LAS VEGAS - Facing dwindling water supplies, Western states are struggling to capture every drop with dam and diversion projects that some think could erode the regional cooperation crucial to managing the scarce resource.
Against that backdrop, eight Western governors meeting in Las Vegas this weekend will address regional water issues, and water managers from seven states arrive next week to work on ways to ensure that 40 million people in the parched Colorado River basin don't go thirsty.
Gary Wockner, a conservationist with the Denver-based advocacy group Save the Colorado, said there's already jostling amid the fear of empty buckets. "Everyone is trying to get the last legal drop of water," he said.
Colorado River Water Users Association representatives deny there's discord at their table.

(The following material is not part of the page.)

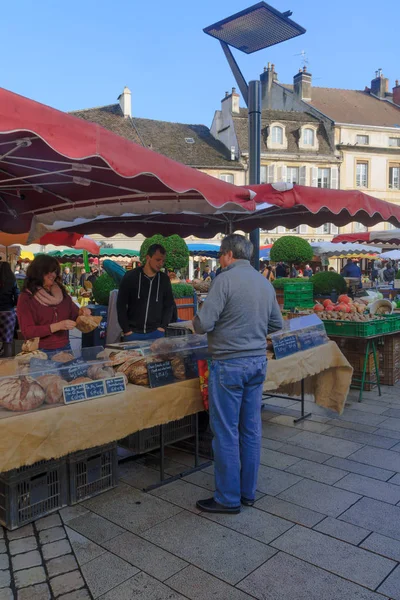 Market scene in Beaune — Stock Photo, Image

"Fifteen years of drought has tightened everything. But I don't see this as people are getting ready to fight," said Jeff Kightlinger, general manager of the Metropolitan Water District of Southern California. That agency is dealing with a double-whammy - drought on the Colorado River and more in the Sierra Nevada and Northern California.
Nevada Gov. Brian Sandoval will host Western Governors' Association counterparts from Colorado, Idaho, Montana, New Mexico, South Dakota, Utah, and Wyoming this weekend to consider several issues, including water. Two days of drought workshops follow.
"The motto is, we save the system as a whole," said Pat Mulroy, longtime general manager of the Southern Nevada Water Authority in Las Vegas and now a senior policy fellow with the Brookings Institution. "If we get into 'I'm going to win' and 'You're going to lose,' there won't be a winner."
But Wockner said Colorado, Wyoming, and Utah are considering dams and diversions in the mountains to capture water they are entitled to before it reaches the Colorado and flows to the deserts.
"Diversions extract water from the system," said Jack Schmidt, professor of watershed sciences at Utah State University. He just completed three years studying the Grand Canyon for the U.S. Geological Survey.
"More water use and more water retention in the upper basin means less water flowing through the Grand Canyon to the lower basin."
Schmidt referred to the Colorado River Compact of 1922 and other agreements to share water with Mexico.
"You could say that we decided how to divide the pie, but the pie is smaller than anybody thought," Schmidt said. "With climate change, it is even smaller than that."